La déconnexion est totale. Harrison a confié qu’il n’avait pas pris pleinement conscience de l’attachement de la ville à Luka avant le trade. Comment pouvait-il ne pas s’en douter ? Bref. Il voit désormais une fenêtre de trois ans pour ses Mavericks. Bien ironique vu qu’Anthony Davis a fêté ses 32 balais, Kyrie Irving en a eu 33 et ne rejouera sans doute pas avant ses 34 printemps tandis que Klay Thompson en a 35. La fenêtre ne sera probablement pas aussi longue. Pour l’instant, le dirigeant se réfugie derrière les blessures qui ont empêché le nouveau groupe d’atteindre son plein potentiel. C’est justifiable, bien sûr. Mais des pépins de santé de Davis et Irving, comme toutes les saisons depuis leur arrivée en NBA ou presque, étaient prévisibles. Ça n’a surpris personne. Sauf lui peut-être.

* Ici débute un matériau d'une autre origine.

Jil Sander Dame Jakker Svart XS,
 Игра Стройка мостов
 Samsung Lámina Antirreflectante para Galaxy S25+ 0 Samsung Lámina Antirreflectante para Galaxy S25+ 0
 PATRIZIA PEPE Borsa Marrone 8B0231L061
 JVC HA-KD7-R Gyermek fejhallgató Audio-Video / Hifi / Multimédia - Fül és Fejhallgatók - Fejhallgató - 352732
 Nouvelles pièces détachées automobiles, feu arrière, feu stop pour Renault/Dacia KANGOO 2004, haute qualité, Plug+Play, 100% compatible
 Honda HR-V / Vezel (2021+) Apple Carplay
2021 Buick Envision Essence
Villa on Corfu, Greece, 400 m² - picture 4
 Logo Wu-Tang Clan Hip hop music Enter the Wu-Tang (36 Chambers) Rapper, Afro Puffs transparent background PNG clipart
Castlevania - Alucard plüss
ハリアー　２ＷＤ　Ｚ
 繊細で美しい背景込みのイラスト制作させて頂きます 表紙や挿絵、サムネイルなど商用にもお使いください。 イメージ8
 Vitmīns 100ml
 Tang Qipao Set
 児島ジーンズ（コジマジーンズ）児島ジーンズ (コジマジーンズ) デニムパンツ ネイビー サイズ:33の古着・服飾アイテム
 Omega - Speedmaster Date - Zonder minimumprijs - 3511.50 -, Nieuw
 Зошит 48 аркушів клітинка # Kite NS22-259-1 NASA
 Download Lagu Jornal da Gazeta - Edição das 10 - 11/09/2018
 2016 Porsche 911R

Pour aller encore plus loin dans l’ego, Nico Harrison a rappelé que ses décisions précédentes ont-elles aussi été critiquées par une grande partie de la fan base. « Tous les trades que j’ai faits ont été perçus comme mauvais. Des fois ça prend du temps. Quand j’ai fait venir Kyrie, la décision a été accueillie avec beaucoup de scepticisme. C’était vu comme un mauvais trade et tout le monde en parle maintenant comme un super deal. Quand j’ai fait venir Washington et Gafford, pareil. J’ai entendu que j’avais trop donné. »
C’est incomparable. Incomparable. Il a bâti une belle équipe mais cette équipe n’aurait rien donné SANS Luka Doncic. Et c’est bien ce même Doncic qu’il a balancé aux Lakers en l’échange de Davis, Max Christie et un seul premier tour de draft. Pas de gros package de picks. Pas d’Austin Reaves. La tournure de ses phrases « quand j’ai fait venir » fait ressortir tout son ego et, encore une fois, sa déconnexion des évènements. Mais la pire comparaison reste celle osée par Welts, ancien membre des Warriors, qui a évoqué le moment où les Dubs ont sacrifié Monta Ellis, l’un des chouchous du public, pour Andrew Bogut. Doncic et Ellis dans la même phrase. Waouh.
Le plus dingue, finalement, c’est le timing. Une conférence de presse lunaire qui va beaucoup faire parler alors que les Mavericks s’apprêtent à jouer le match le plus important de la saison. Un choc à élimination directe contre les Kings. Le play-in réservé à l’équipe qui a terminé dixième de sa conférence et pourrait partir en vacances dès ce soir. Il paraît loin, là, le titre. Aussi loin que Nico Harrison.